## Material provided
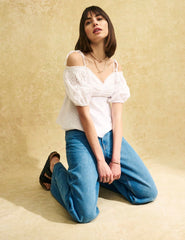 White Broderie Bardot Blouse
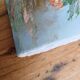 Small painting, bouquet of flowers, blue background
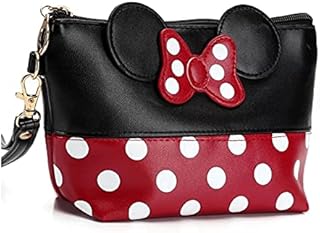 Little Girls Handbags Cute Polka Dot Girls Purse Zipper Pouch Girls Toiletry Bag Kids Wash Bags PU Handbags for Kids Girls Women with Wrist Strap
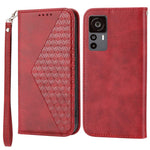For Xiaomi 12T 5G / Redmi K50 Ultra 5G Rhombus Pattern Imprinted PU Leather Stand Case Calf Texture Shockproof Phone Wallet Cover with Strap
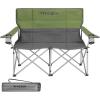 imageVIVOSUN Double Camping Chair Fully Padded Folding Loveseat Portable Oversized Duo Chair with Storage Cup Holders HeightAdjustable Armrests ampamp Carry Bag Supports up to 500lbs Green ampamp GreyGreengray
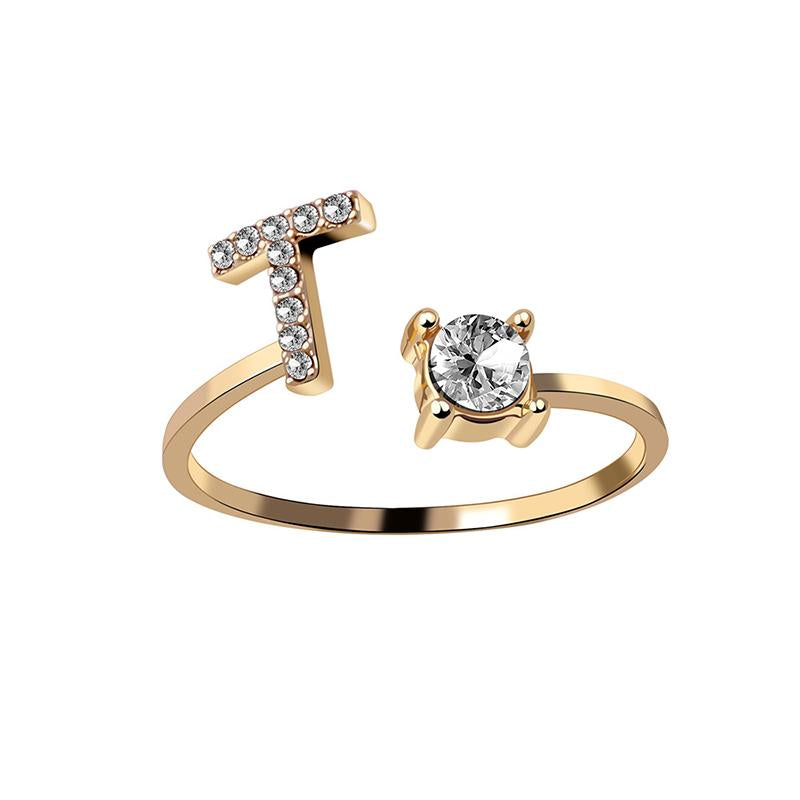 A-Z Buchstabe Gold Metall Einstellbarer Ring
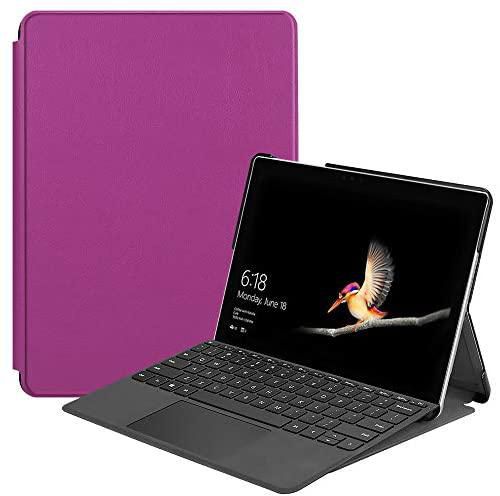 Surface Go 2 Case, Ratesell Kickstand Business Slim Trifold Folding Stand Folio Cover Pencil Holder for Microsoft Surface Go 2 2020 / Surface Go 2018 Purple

## Instructions to follow
Write out the lines beginning at the line with "A-Z Buchstabe Gold Metall Einstellbarer Ring" and ending at the last line of the entries. Include no pictures.

## Finished task
 A-Z Buchstabe Gold Metall Einstellbarer Ring
 Surface Go 2 Case, Ratesell Kickstand Business Slim Trifold Folding Stand Folio Cover Pencil Holder for Microsoft Surface Go 2 2020 / Surface Go 2018 Purple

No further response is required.